Francesco, Piero's younger brother, is very well played by Paul Dunn. He's excellent at, as he says, "playing the cards he's been dealt." Fiona Byrne is also excellent as Albiera, Piero's wife. This is a role that could easily slip into an unsympathetic caricature, but in Ms. Byrne's delicate but capable hands is quite touching.

Bartolomeo, played by Gordon Rand, is the priest through whose eyes we see this story unfold. He has a terrific range - from the hilarious mime of his sermon about the seven deadly sins to the painful futility of his line, "I'll pray for guidance."

Patricia Fagan makes a wonderful Catarina, Leonardo's mother.

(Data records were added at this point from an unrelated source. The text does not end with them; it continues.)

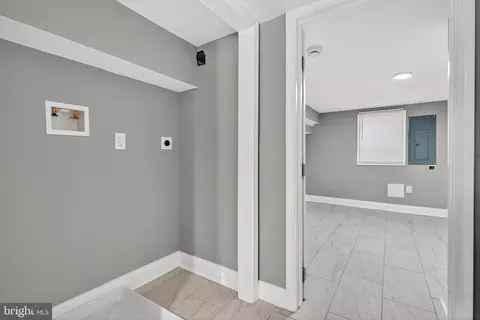 Entry Way - 320 S Pulaski St, Baltimore, MD 21223 photo 11 of 11
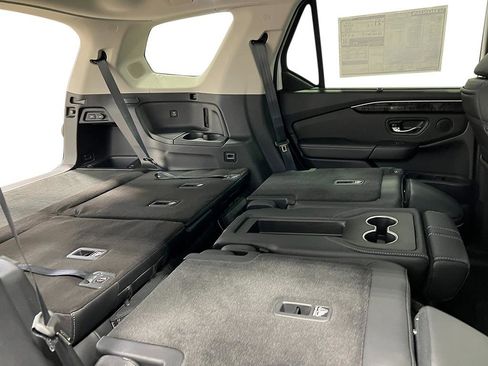New 2025 Honda Pilot Elite image 40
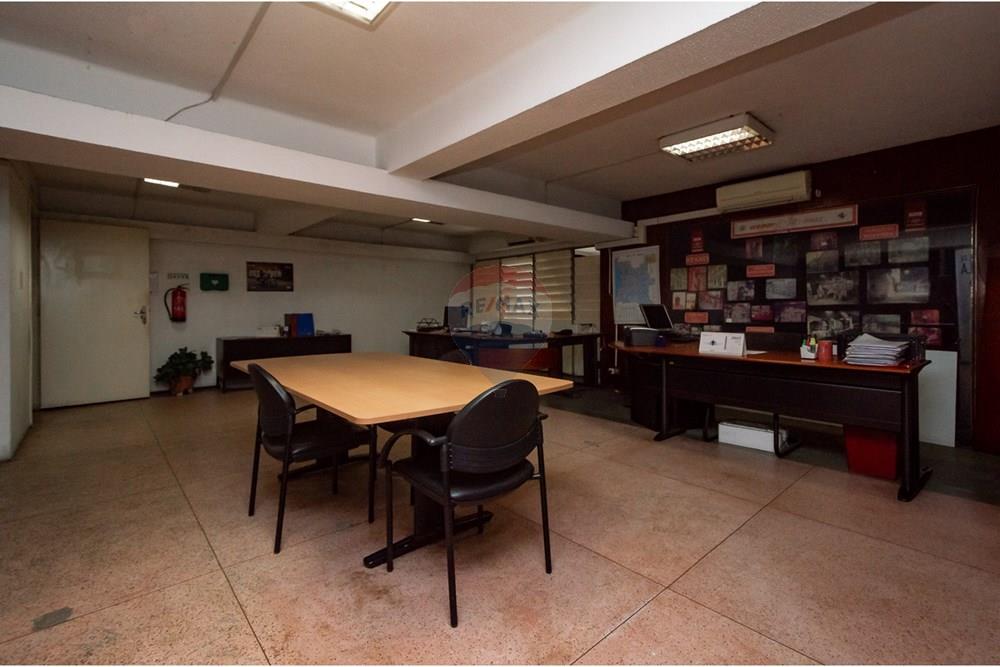 Commercieel - Investering - Ingombotas, Angola - AO - DSC_7014.jpg - 126100095-94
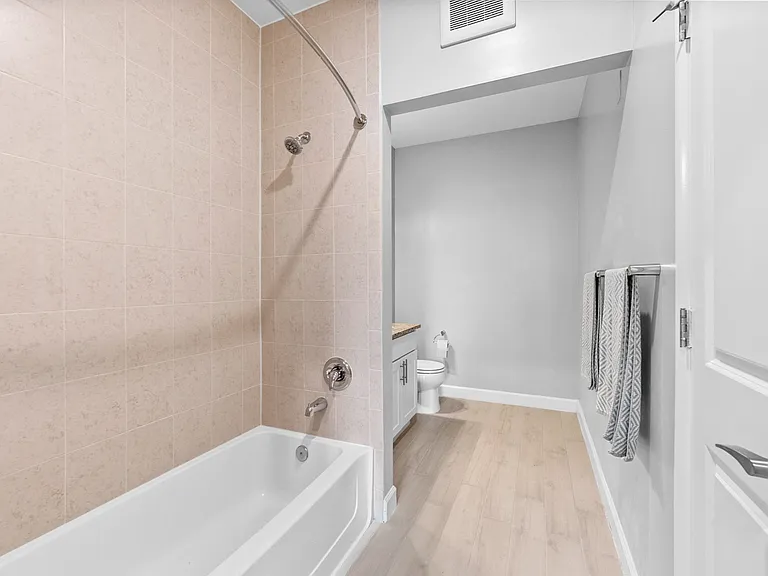 Oversized Tub at Harbor Pointe, Bayonne, New Jersey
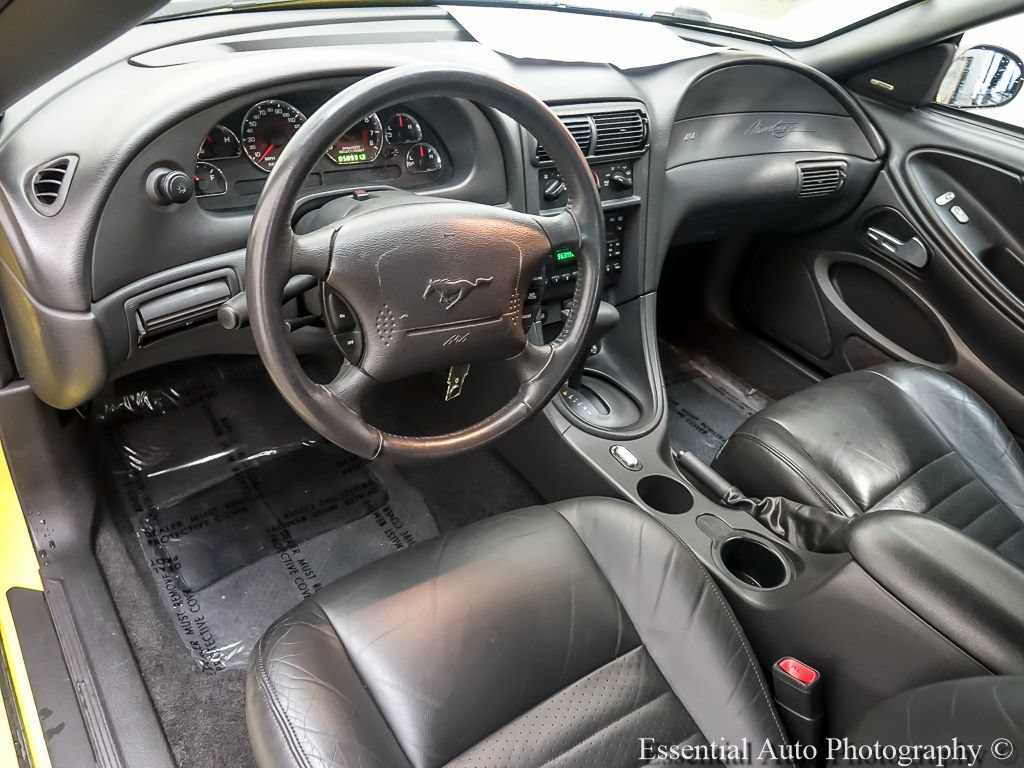 Used 2001 Ford Mustang GT RWD image 10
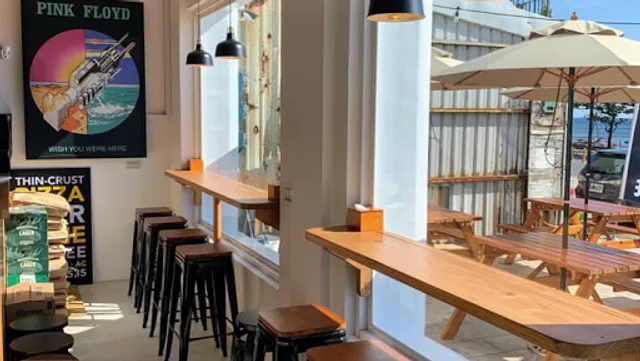 Pizza Rock Kenting 墾丁店（最後點餐時間晚上20：30，Last Order Time p.m. 08：30）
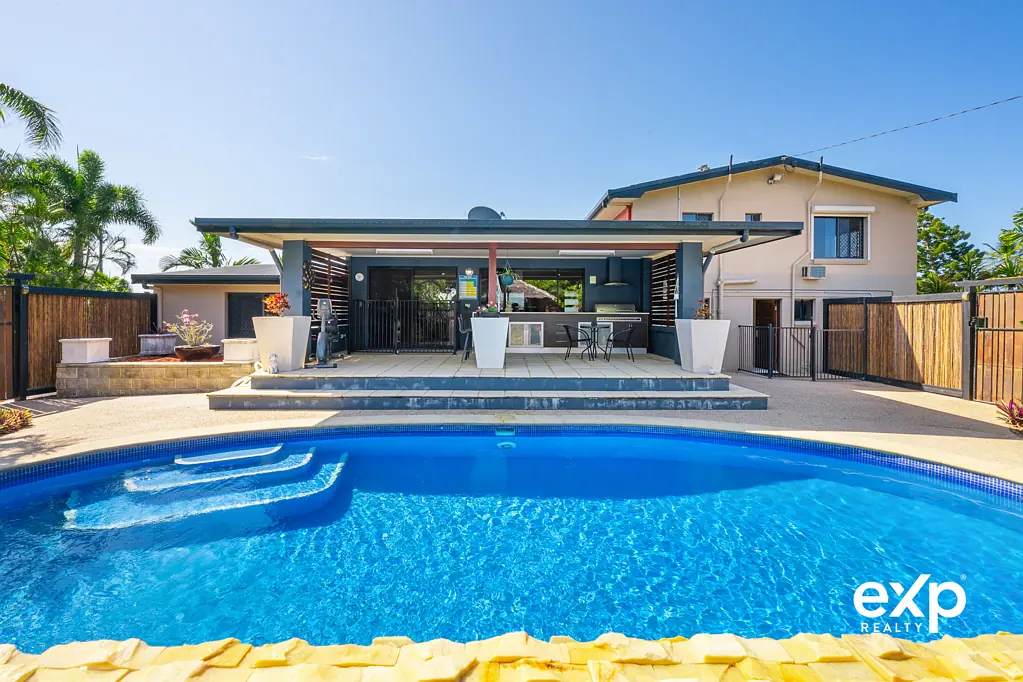 13 Slade Esplanade, Slade Point, QLD 4740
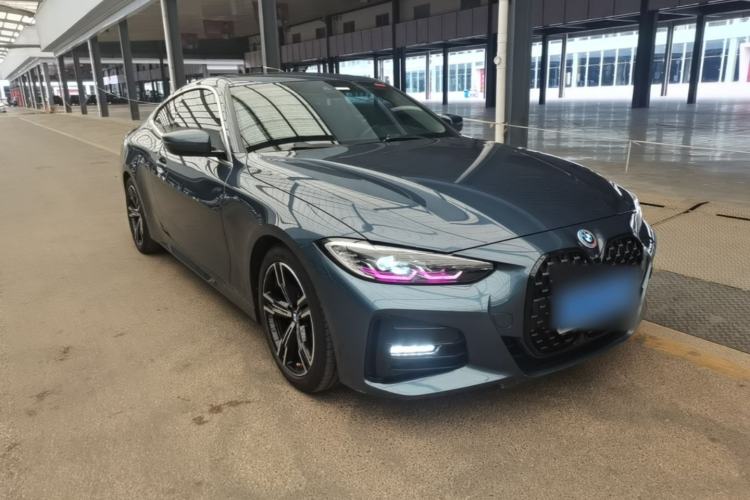 Used BMW 4 Series 2022 425i M Sport Package Front Right 45 Deg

She encourages her son to use his imagination, and as she tells Bartolomeo, "He sees things I don't even notice." Her final speech is extremely moving, and even brought a tear to this cynical eye.

I haven't said enough about the direction of Dennis Garnhum, but I'm beginning to run out of superlatives. He's done a marvelously imaginative job of bringing this play to life, and of highlighting it's magical quality.

My friend who went with me said, "I laughed, I cried. What more could you want?" The rest of the enthusiastic opening night audience seemed to agree. On a scale of one to five, the National Arts Centre production of VINCI gets four and three-quarters Royal Canadian Mounted Police. For North Country Public Radio, I'm Connie Meng.